When she asked him to the prom, weeks ago, they didn’t
realize they would be the final two. But then both kept soaring. Johnson ranged
from the songs of power-rockers Rush and Led Zeppelin to doing the music of
Aretha Franklin, Adele and Lady Gaga.

Irene ranged from singing her own composition to scoring big
on love-song week with that basement song, “Can’t Help Falling in Love.” Her
mother, it turns out, isn’t the only one who likes it.

This "Idol" finale was easy to predict ... or maybe not

If you like epic rock -- the sort that digs deep and pushes hard -- this is your week. Caleb Johnson and Jena Irene provide a powerhouse pair on Tuesday and Wednesday; then the winner will sing at the National Memorial Day Concert (see previous blog) on Sunday. Here's the story I sent to papers:


As some people see it, this year’s “American Idol” finale
was inevitable.

Surely, Caleb Johnson and Jena Irene would be the final two.
“Their performances are so big,” said Alex Preston, who finished third. “I knew
deep-down it would be them.”

One of the two, at least, always seemed like a sure thing. “Caleb
is a very big, dynamic performer with a big, strong voice,” said Harry Connick
Jr., one of the judges.

Johnson, 23, started strong and has never been in the bottom
three. He fits all patterns, including geographic: He’s from North Carolina,
which has had two previous winners – Scotty McCreery and Fantasia. The 12 “Idol”
winners include nine Southerners plus Oklahoma and Missouri.

And Irene? She’s 17 and a Northerner, from Farmington Hills,
Mich.; and she almost was out early.

Viewers didn’t put her in the show’s top 10; she survived because
judges gave her one of the three wild-card spots. Only one other wild-card
person (Clay Aiken, 11 years ago) has reached the final night.

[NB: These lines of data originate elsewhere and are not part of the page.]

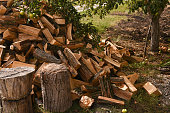Firewood on the grass. Ecological fuel made of natural wood.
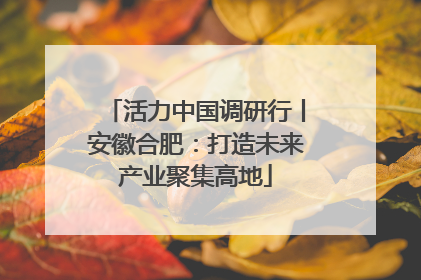 活力中国调研行丨安徽合肥：打造未来产业聚集高地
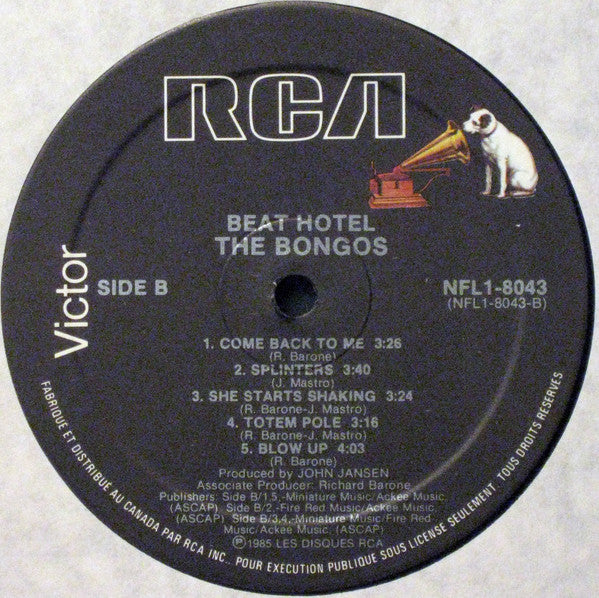 Bongos, The : Beat Hotel (LP,Album)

Early on, viewers plunked her in the bottom three, at the
edge of ouster.  “She just keeps comin’
back and comin’ back,” said Harry Connick Jr., an “Idol” judge who spotted her
potential early. “She just has that mystique,” he said. “I think I called her
the sleeper at the time.”

That mystique seems to involve confidence. Offstage, Preston
said, “Jena is just like one of the guys. She’s just fun to hang out with.” She’s
similar, he said, to Johnson, who’s “a super-cool dude.”

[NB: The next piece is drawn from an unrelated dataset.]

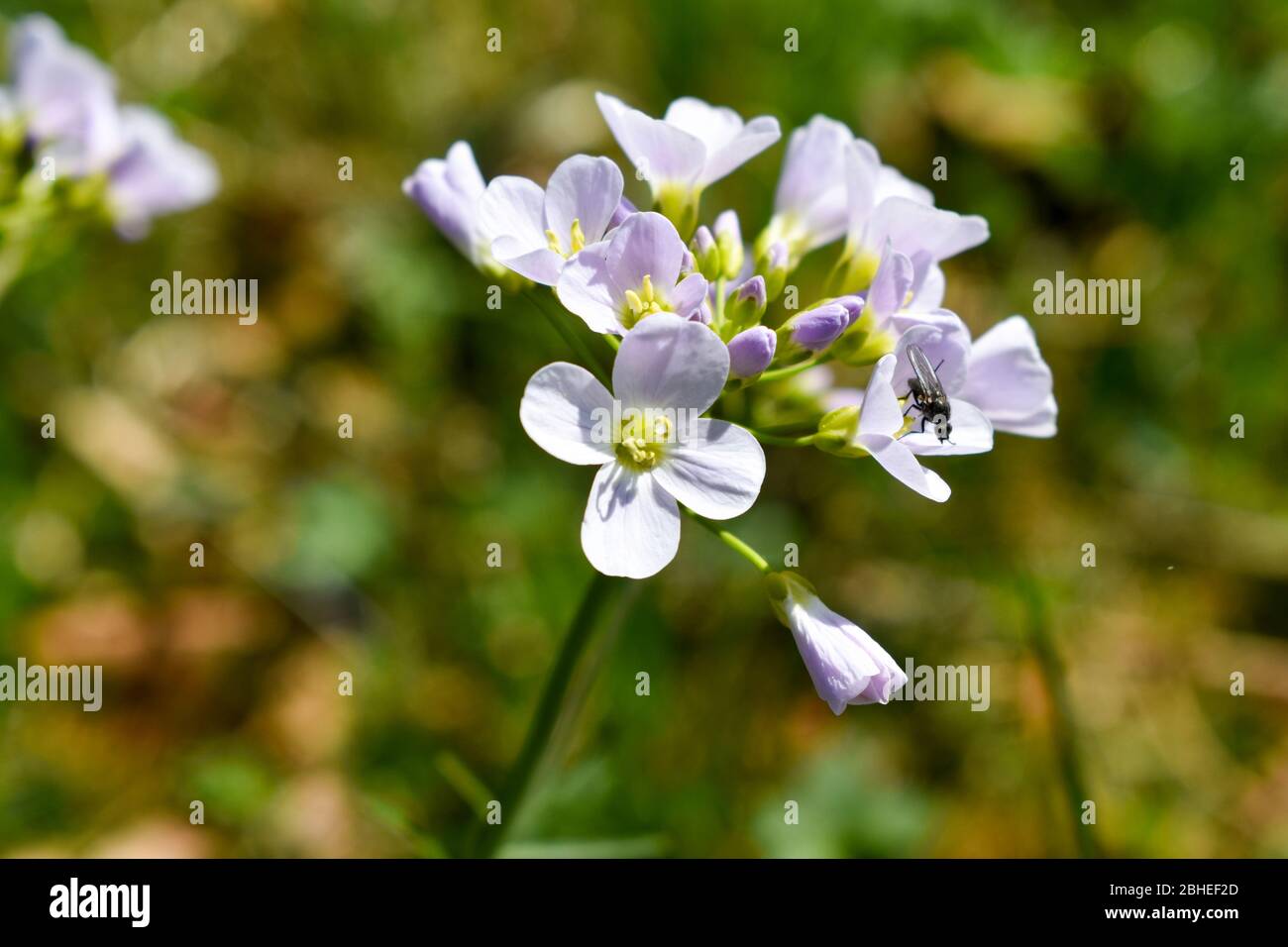 Bourgeons d'une Mayflower (Cardamine pratensis). Banque D'Images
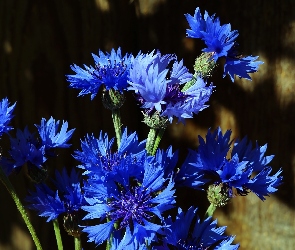 Kwiaty, Chabry, Niebieskie, Bukiet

And onstage, Connick said, she keeps that assertiveness.
“Jena has such variety in her song choices and her performances, from ballads
to Benatar (rock belter Pat Benatar). She’s made some great decisions.”

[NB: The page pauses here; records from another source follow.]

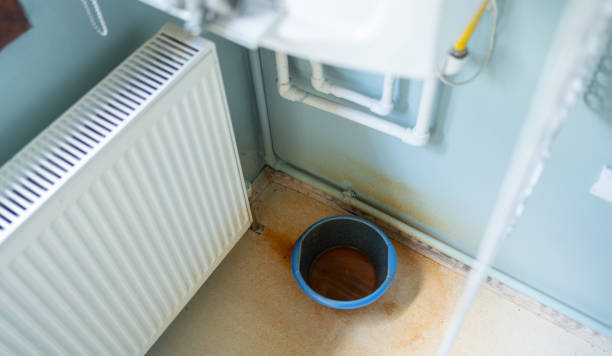 Best Professional water damage repair  in Bayou Gauche, LA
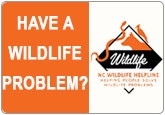 Have a Wildlife Problem?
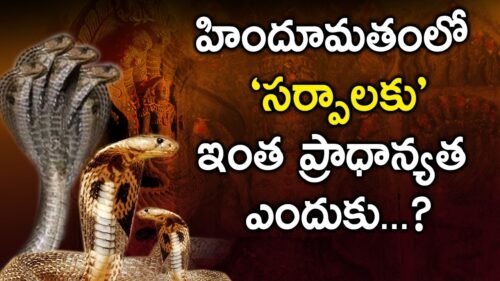 Why  Snakes are Considered Holy in Hinduism || Facts about snakes in eyeconfacts
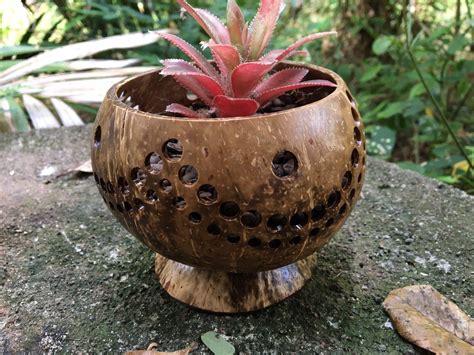 Decorative Items Using Coconut Shell 的图像结果
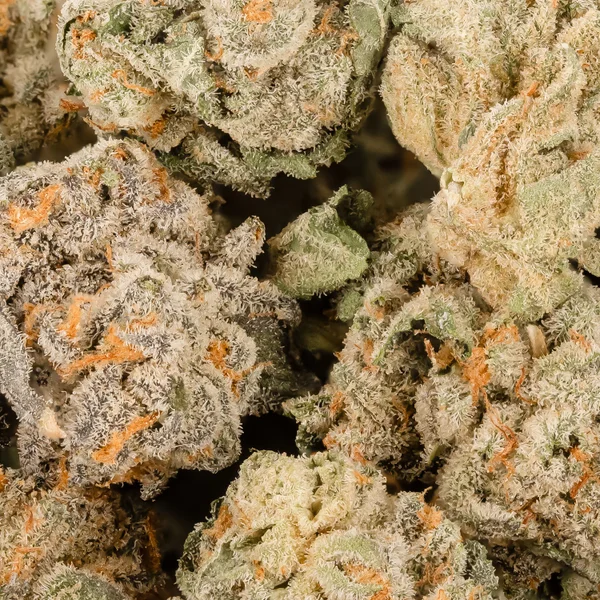 Dollar Treez - Pineapple Express (smalls) - Image 2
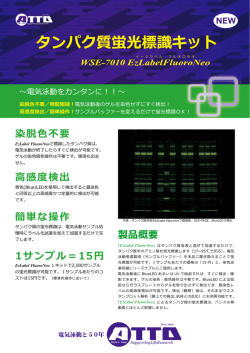 タンパク質蛍光標識キット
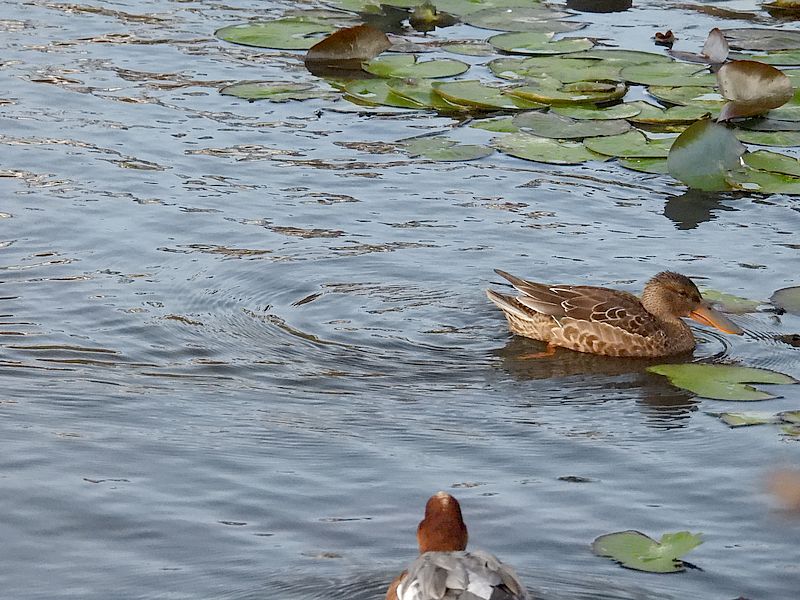 ハシビロ子ちゃん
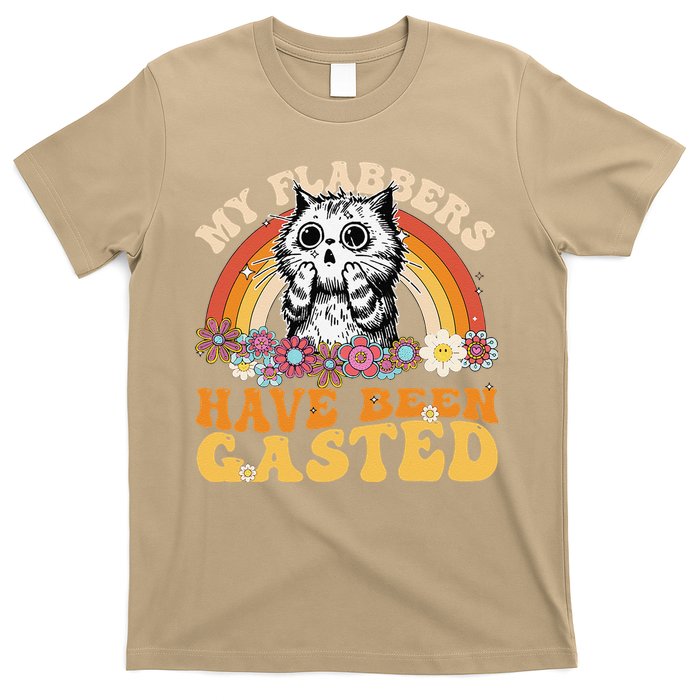 Funny Cat Meme My Flabbers Have Been Gasted T-Shirt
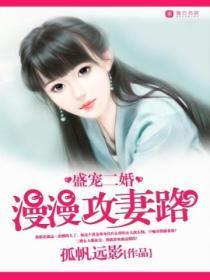 盛宠二婚,漫漫攻妻路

Italian on her father’s side (her full name is Jena Irene
Asciutto) and French on her mother’s, she grew up comfortably in Detroit
suburbia, where both parents are business executives. Early on, she started
writing songs and singing with her band, Infinity Hour.

In Ashville, Johnson was singing with the rock band Elijah
Hooker and took two previous cracks at “Idol,” reaching the top 42 and the top
24. This time, he seemed destined for the top.

Last week, Irene was singing richly emotional songs and
Johnson was delivering furious, mike-stand-smashing rock ‘n’ roll. “It’s television
and people love (that),” Preston said. “It’s awesome, but I can’t do that.” He
knew then that it would be a Caleb-Jena finale.

“American Idol,” Fox.

Performances, 8-9 p.m. Tuesday, then viewers
vote; finale, 8-10:07 p.m. Wednesday.